Provided entries section start
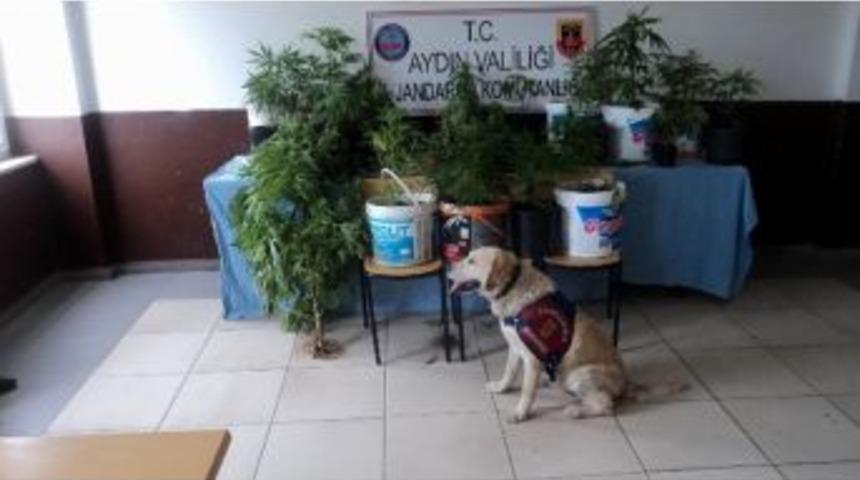 Efeler&rsquo;de Jandarmadan Uyuşturucu Operasyonu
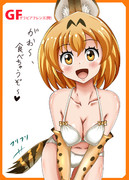 グラビアフレンズ(狩) ②サーバル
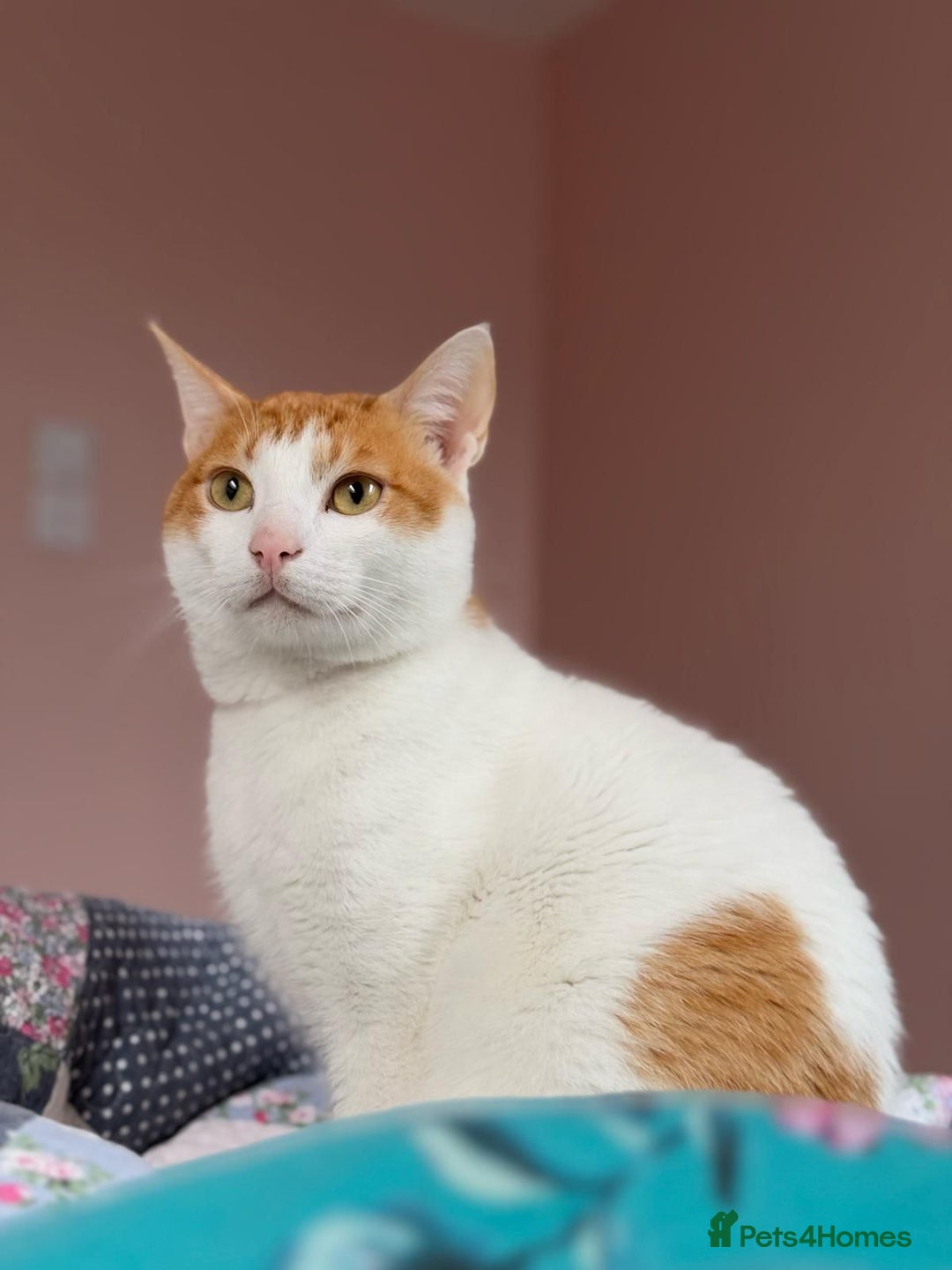 Domestic Shorthair cats for adoption: Coco needs a new home asap  - Advert 1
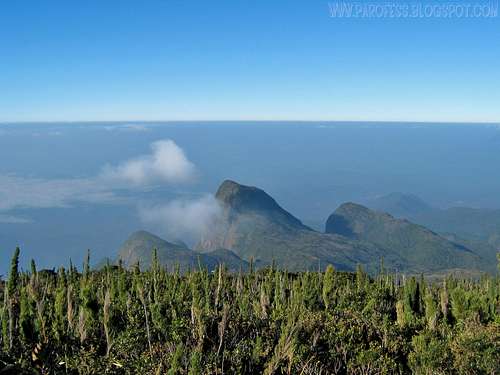 The incredible Agudos de Cotia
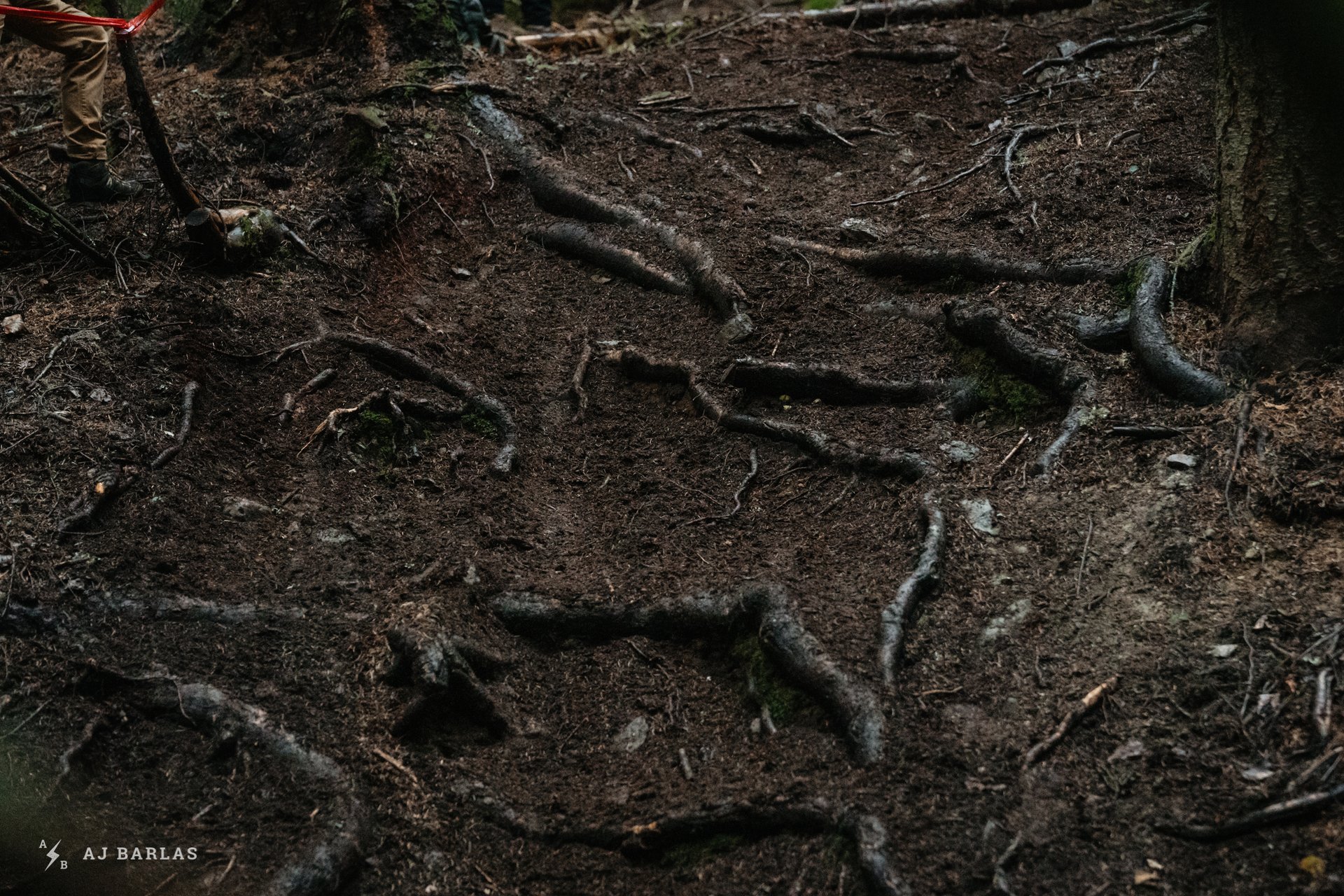 Wet & Wild Roots From Overnight Rain Greeted Racers Stage 2, The First Stage For Day 2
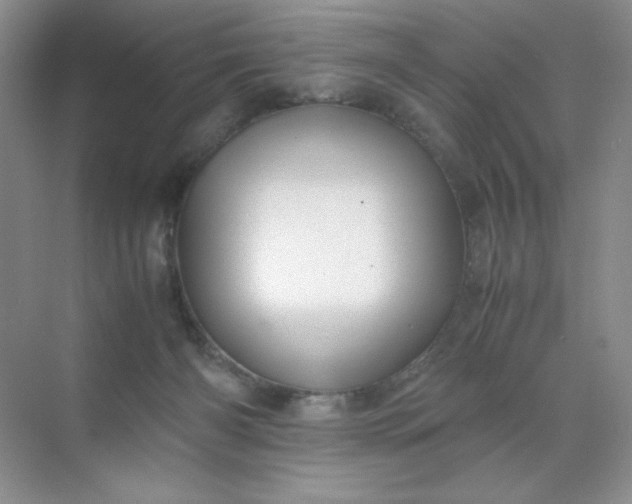 X0000071970126200607212328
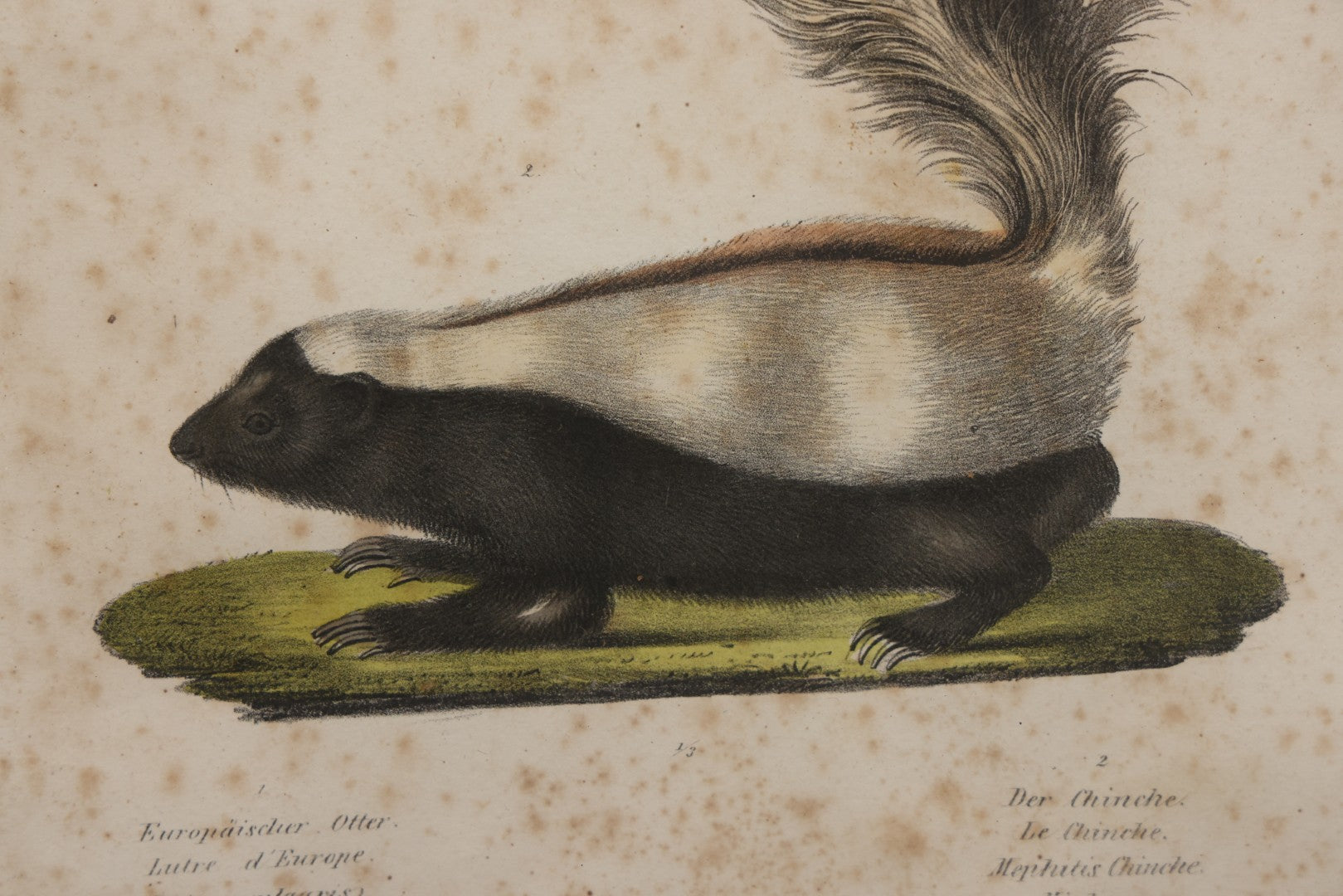Lot 014 - Antique Hand Colored Natural History Zoological Lithograph Plate Print Depicting  European Otter And Skunk, With German, French, Latin, And Hungarian Text, After Brodtmann, Circa Early 19th Century, In Frame, 12-3/4" x 16-3/4"
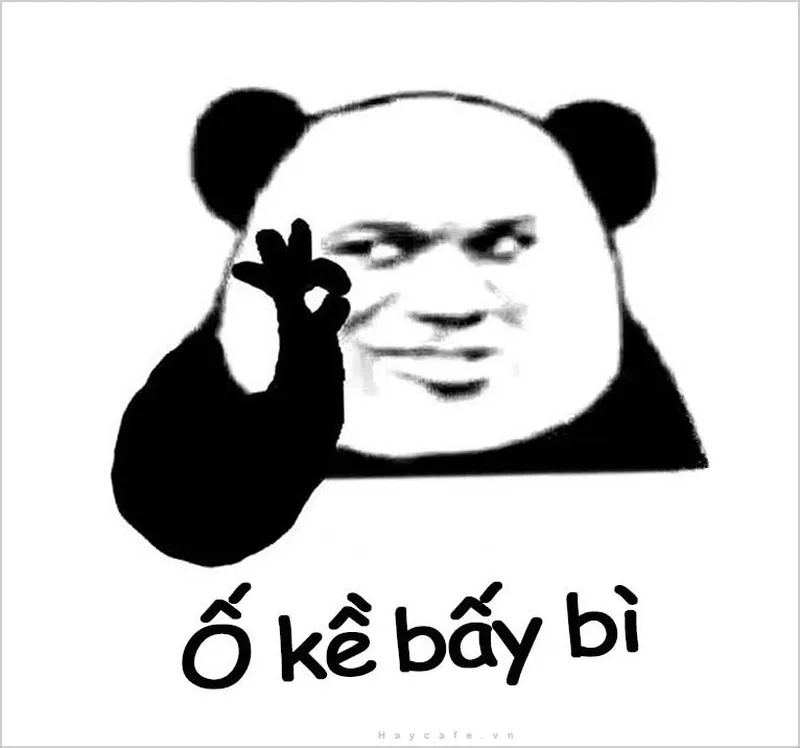 Ảnh meme chó bựa luôn tạo ra những tình huống hài hước khiến người xem không thể nhịn cười.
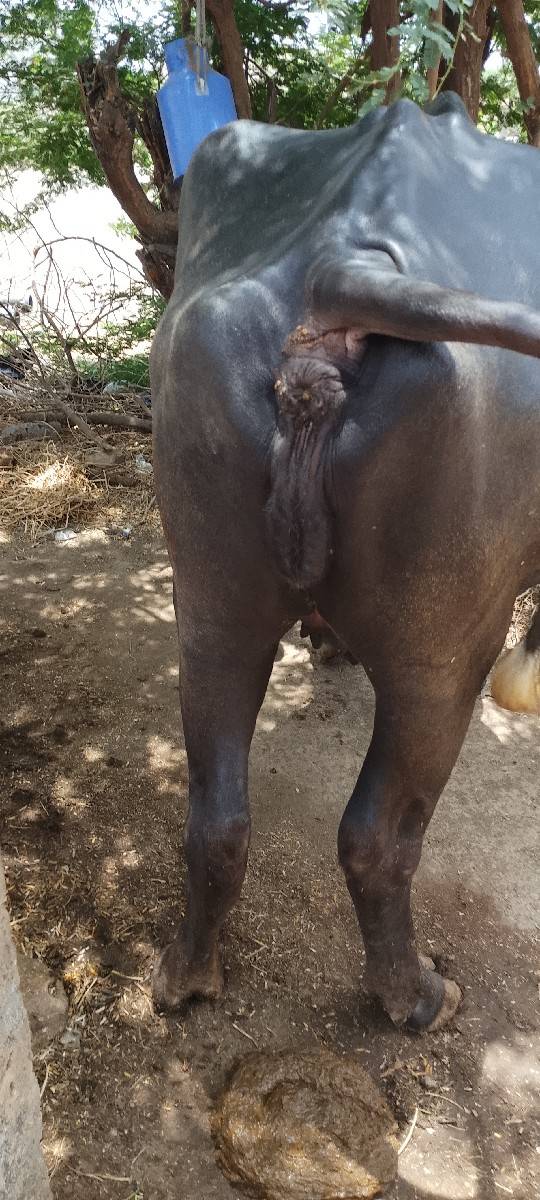 ખળેલી વેચવાની છે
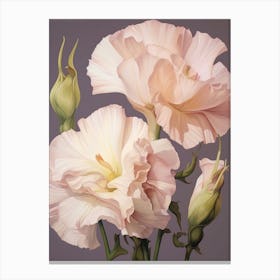 Floral Illustration Lisianthus 3 Canvas Print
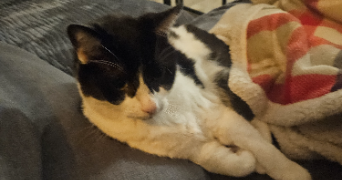 océane cat sitter à Beire le chatel 21310_0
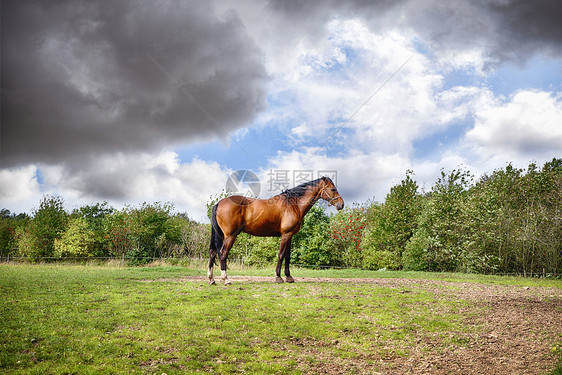 夏天多云的天气里,棕色的马站绿色的田野上图片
Provided entries section end
### Work task
From the material above, reproduce only what runs from the line holding "X0000071970126200607212328" down to the line holding "Lot 014 - Antique", both included, pictures excluded.

### Solution for this task
 X0000071970126200607212328
Lot 014 - Antique Hand Colored Natural History Zoological Lithograph Plate Print Depicting  European Otter And Skunk, With German, French, Latin, And Hungarian Text, After Brodtmann, Circa Early 19th Century, In Frame, 12-3/4" x 16-3/4"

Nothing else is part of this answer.